I would encourage you to meet and chat with all of the candidates and choose those who you think are best able to bring teams together; Ubuntu is a locus of collaboration between groups with intensely different opinions, and it is our ability to find a way to share and collaborate with one another that sets us apart. When it gets particularly tricky, the CC are at their most valuable to the project.

Voting details have gone out to all voting members of Ubuntu, thank you for participating in the election!

Community growth and development

Friday, November 4th, 2011

Martin’s chart showing the pattern of growth in Ubuntu project membership supports a view of deepening and strengthening participation in Ubuntu, globally. A second data point for me is the number and caliber of nominations we’ve seen to community governance boards, not just at the most senior levels (community council and technical board) but also in the breadth of community activities.

In the past year we’ve had to refine our thinking about a number of issues. The question about whether contributions outside the project, with a specific emphasis on Ubuntu, should be considered on a par with contributions directly to the project was resolved inclusively. So we are delighted to welcome members who do work in Debian to ensure that Ubuntu and Debian stay on rails together, and we are delighted to welcome members who contribute to projects elsewhere with the aim of improving the experience for Ubuntu users.

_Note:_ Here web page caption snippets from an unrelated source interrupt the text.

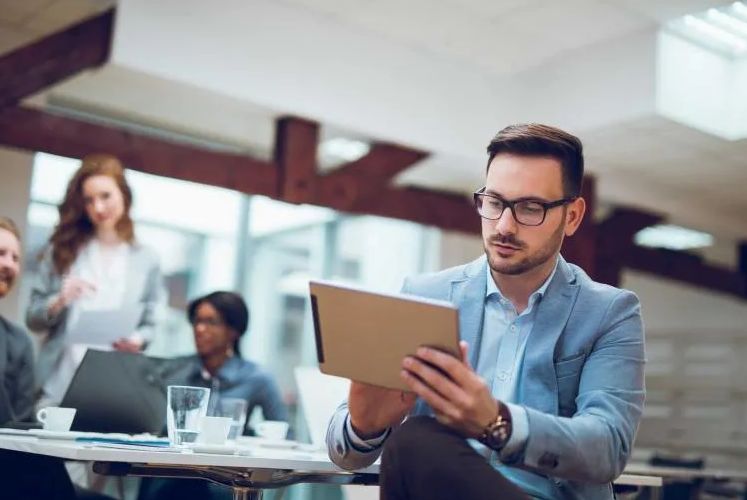 El Social Media Marketing ya no es un término de moda. Se ha convertido en clave para los negocios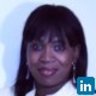 SlideShare profile picture for @coaching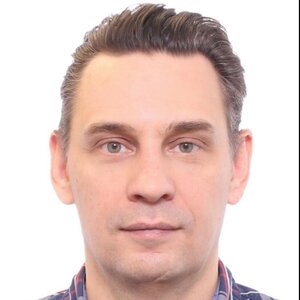 Vjacheslav Opolskiy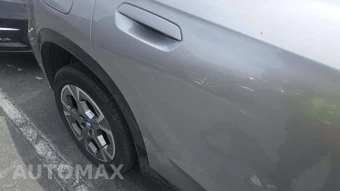 2025 BMW X1 xDrive28i - miniatura 24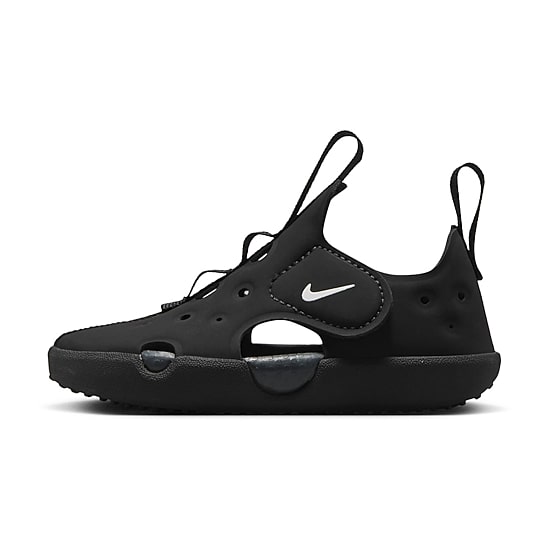 Nike Toddler Unisex Water Shoes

It remains true that there is no aspect of Ubuntu that a community participant cannot influence. At UDS this week it was impossible to tell, across hundreds of sessions, which voices were from Canonical, or Dell, or ARM, or Linaro, or from folk who have no corporate affiliation but have a passion for getting things done, and getting them in front of millions of users, and getting them right. From the artwork we ship, to the way we evaluate contributions, and the versions of software we include by default, to the toolchain and kernel and infrastructure that makes it happen, the degree of diverse participation is something we can be proud of. So thank you to everyone, whether participating for personal or corporate interests, for your engagement with Ubuntu.

It was a pleasure to meet the (mostly) new Community Council, and to have a session in person. And it was wonderful to see the vibrancy of the Community Leadership Track at UDS, and the participation in those discussions by leaders of other communities like GNOME and Debian. We have a lot to learn, and a lot to teach.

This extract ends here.